GM. Il est en de même avec votre intérêt pour la prise de vue en lumière faible dans les couloirs obscurs des tombes ou des sanctuaires en Egypte.


HS. Cette technique procède d’un très long temps de pose, de 10 minutes ou davantage, qui permet d’impressionner le film dans l’obscurité des espaces internes et de donner une vision spécifique de bas-reliefs, éclairés malgré tout, et dont l’observation est complètement dénaturée par l’éclairage artificiel. Cette recomposition d’une vision hypothétique, propre au projet photographique, est une contribution à l’histoire des arts, pas plus arbitraire que celle qui consiste à exhumer du sol des tombeaux enfouis, et à poser sur eux un regard improbable pendant des millénaires, celui de l’historien.


GM.  Ou que la photo aérienne. L’avez-vous appliquée à l’architecture ?


HS. Oui, pour l’illustration du volume Angkor, et j’ai contribué aussi aux récents volumes de la collection Notre histoire vue du ciel, chez Gallimard. Avec l’hélicoptère, les photographes de ma génération ont disposé d’un outil beaucoup plus performant, qui a conduit aux succès de librairie que vous connaissez aujourd’hui.


GM. Je reviens à votre parcours d’historien, qui est celui d’un comparatiste. Après l’illustration et l’édition des sites d’une histoire classique, vous vous êtes consacrés à l’exploration de territoires méconnus de l’histoire des arts. Sur le Mexique et sur l’Islam, en particulier. 


HS. Sur l’art précolombien  que j’avais entrepris avec  Mayas  en 1964, j’ai développé dès 1981 l’illustration d’un triptyque, L’art Maya, L’art Aztèque, et L’art Inca, publiés à l’Office du livre et au Seuil.
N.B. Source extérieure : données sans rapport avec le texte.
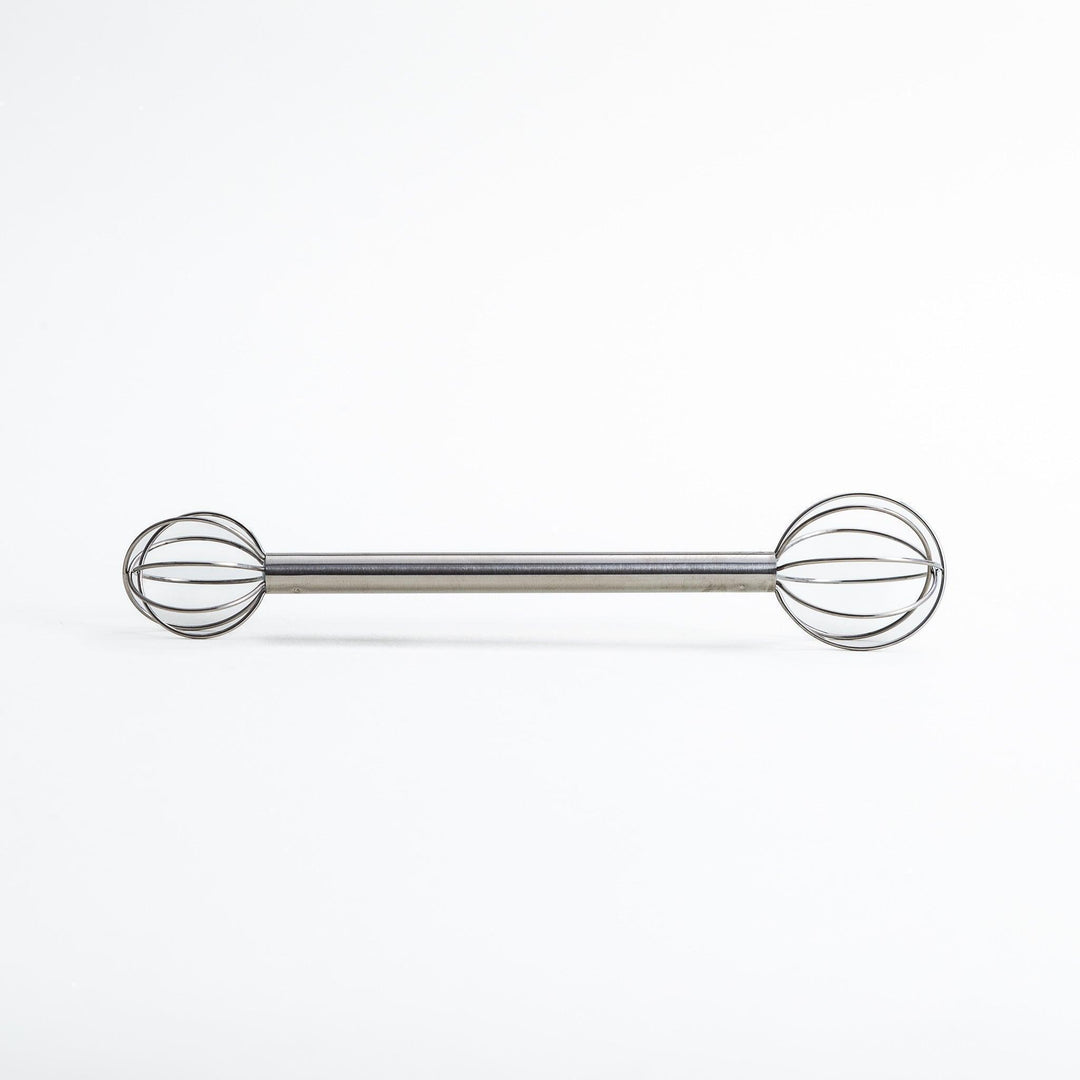 Double-ended stainless steel mini whisk with balloon-shaped heads on both sides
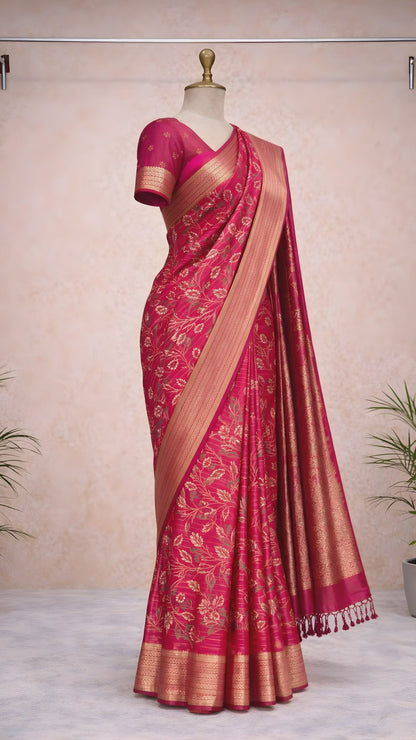 Red festive saree video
Sur l’architecture de l’Islam, en collaboration avec Anne Stierlin, j’ai fait surgir de plusieurs angles morts les volumes consacrés à l’architecture ottomane, à l’architecture islamique au IXº siècle en Egypte, dans les périodes toulounide et fatimide,et du XIIIº au XVIº siècles, dans la période mamelouke. Pour ces travaux, dans les années 1990, nous avons été publiés par les éditions de l’Imprimerie nationale à Paris – une collaboration qui a commencé par l’ouvrage sur l’Alhambra, en 1991 - et par les éditions Taschen à Cologne.  Les  Ors du Mexique chrétien, en 1997, a été le premier livre publié en français sur l’art baroque du Mexique. J’ai cru bon d’apporter ma pierre aussi à l’interprétation historique, sur deux thèmes, celui des rapports entre les spéculations astrologiques et l’architecture, attestés par Platon, avec un ouvrage de 1986, L’astrologie et le pouvoir,  préfacé par l’académicien Pierre Grimal et enfin par une étude à venir sur la question passionnante d’un processus que je décris comme l’architecture dictée, une piste ouverte en Grèce par une stèle qui décrit la construction de l’Arsenal du Pirée. Une note est demandée ici, pour préciser la référence à la stèle.
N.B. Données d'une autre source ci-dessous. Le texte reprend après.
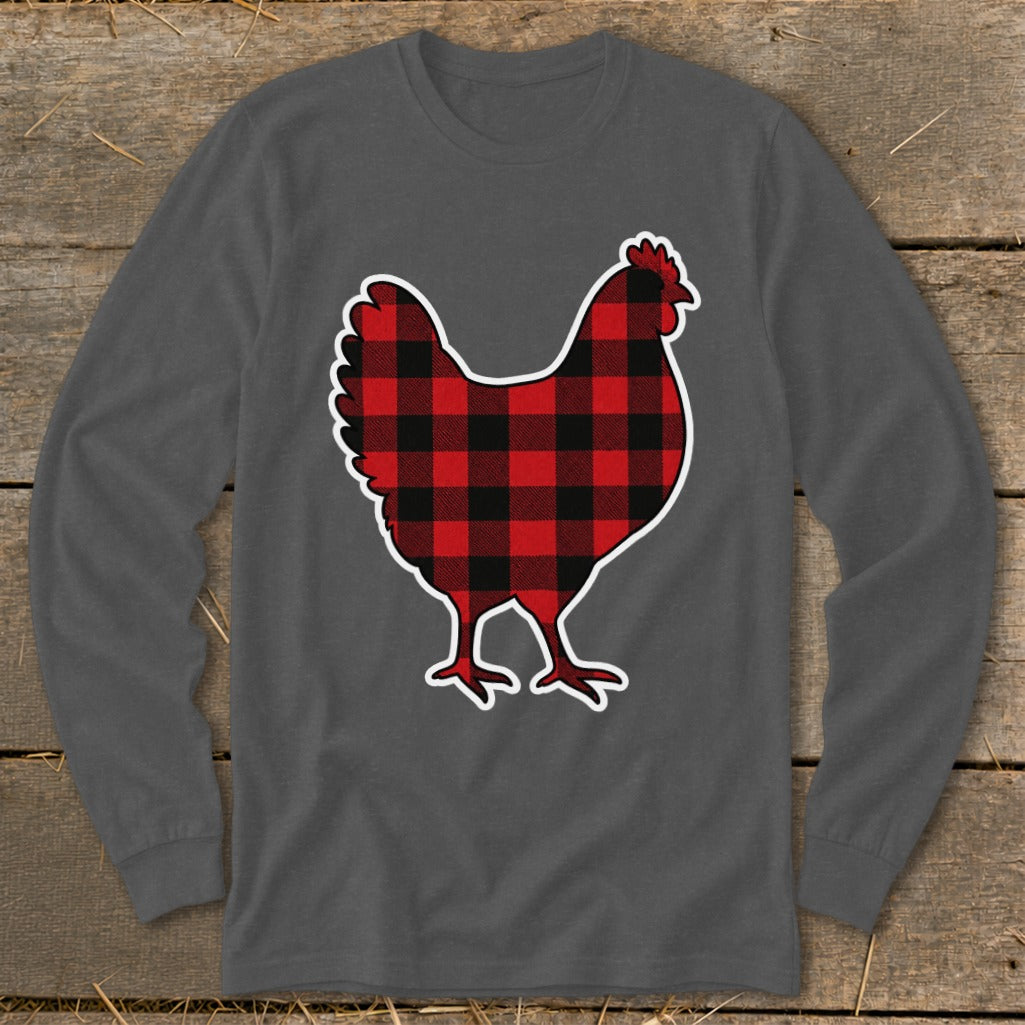 Grey long sleeve shirt with a red and black buffalo plaid chicken graphic.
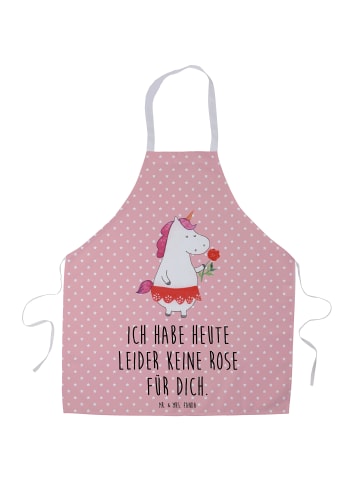 Mr. & Mrs. Panda Schürze Einhorn Dame mit Spruch in Rot Pastell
GM. Dans ce parcours votre distance à l’égard de la spécialisation, sur le modèle des travaux universitaires, ne rencontrerait-elle pas ses limites ? Merci, Henri Stierlin, de nous avoir confié aussi ce projet.



Henri Stierlin est le fils d’Henri Stierlin-Vallon, pianiste et compositeur, et de son épouse Marguerite, cantatrice ; tous deux sont professeurs au Conservatoire de Lausanne et concertistes. 
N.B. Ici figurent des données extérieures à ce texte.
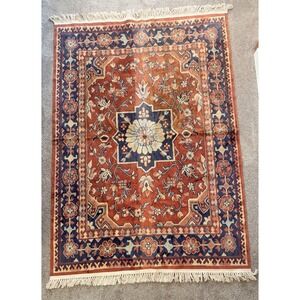 Vintage Shirvan Style Area Rug 6.5x4.5‎ Red Blue Floral Medallion Hand Tuffed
Pierre Montet (1885-1966), professeur au Collège de France et membre de l'Institut ; archéologue, ses recherches au Liban et en Égypte ont conduit à des découvertes majeures ; il fut le premier découvreur, en 1929, du site de Tanis. 



 Albert Skira (1904-1973) qui avait lancé à Paris en 1933 la revue d'art Minotaure, est un des premiers à maîtriser dans l’édition du livre d’art les technique de la reproduction en couleur.